If you decide to elect the fair value option for some but not all of your securities, you will have to prepare a disclosure for this election to fulfill the disclosure requirements. The disclosure requires explanations of management’s reasons for not electing the fair value option for all available-for-sale and held-to-maturity securities. In this disclosure, you must describe the securities—including the amount of the corresponding retained earnings adjustments—and then give reasons why CAB is choosing to use the partial election (SFAS 159, ¶ 18, 27). CAB also has to provide enough information to enable users of the financial statement to understand how the securities relate to individual line items on the statement of financial position (SFAS 159, ¶ 18, 27).
Rules Related to Transition
When CAB adopts FAS 159, there are some rules related to the transition that should be understood. The retrospective application of the fair value option to fiscal years before the effective date is not permitted, which means that you should not restate prior-period financial statements. As previously mentioned, a cumulative-effect adjustment of retained earnings is to be performed at the effective date when applying the fair value option to CAB’s available-for-sale and held-to-maturity securities. Thus, the unrealized gains and losses from previous years are reflected in retained earnings, making it unnecessary to restate prior-year financial statements (SFAS 159, ¶ 46).
Investment in Offbeat Green Energy, Inc. (OGE)
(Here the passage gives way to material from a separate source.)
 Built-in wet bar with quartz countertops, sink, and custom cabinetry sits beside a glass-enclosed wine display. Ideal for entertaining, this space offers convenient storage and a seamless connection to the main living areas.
According to SFAS 159, you cannot selectively elect the fair value option for CAB’s equity investment in OGE but not the loan to OGE. SFAS 159 states that if the fair value option is applied to the investment under the equity method of accounting, then the fair value option should also be applied to any financial interests in the same entity, including debt. Since the equity investment in OGE and loan to OGE are considered financial interests in the same entity, CAB must elect the fair value option for both the equity and the loan if it wishes to report either of these instruments at fair value.
Early Adoption and Suggestions
The effective date of SFAS 159 is at the beginning of the fiscal year that begins after November 15, 2007. Early adoption of the statement requires that a choice to adopt the statement early be made within 120 days of the beginning of the fiscal year of adoption. Since it is already the third quarter of fiscal year 2007, you will not be able to adopt the statement until the beginning of fiscal year 2008 (SFAS 159, ¶ 30). To ensure a smooth year end closing and subsequent audit, it would be wise to disclose CAB’s plans to adopt the statement for the fiscal year 2008 in the footnotes. This should include the fair market value amounts of all securities for which CAB is going to apply the fair value option, as well as any unrealized gains or losses for held-to-maturity securities.
Conclusion
When CAB adopts SFAS 159, the goal for fiscal year should be to mitigate volatility in earnings. Careful analysis of how the reclassification of selected available-for-sale and held-to-maturity securities will affect overall net income and retained earnings should be conducted and taken into consideration before application of the fair value option. By following the rules related to transition and sufficient preparation to ensure a smooth 2007 year end closing, CAB will be able to successfully adopt SFAS 159 at the beginning of the 2008 fiscal year.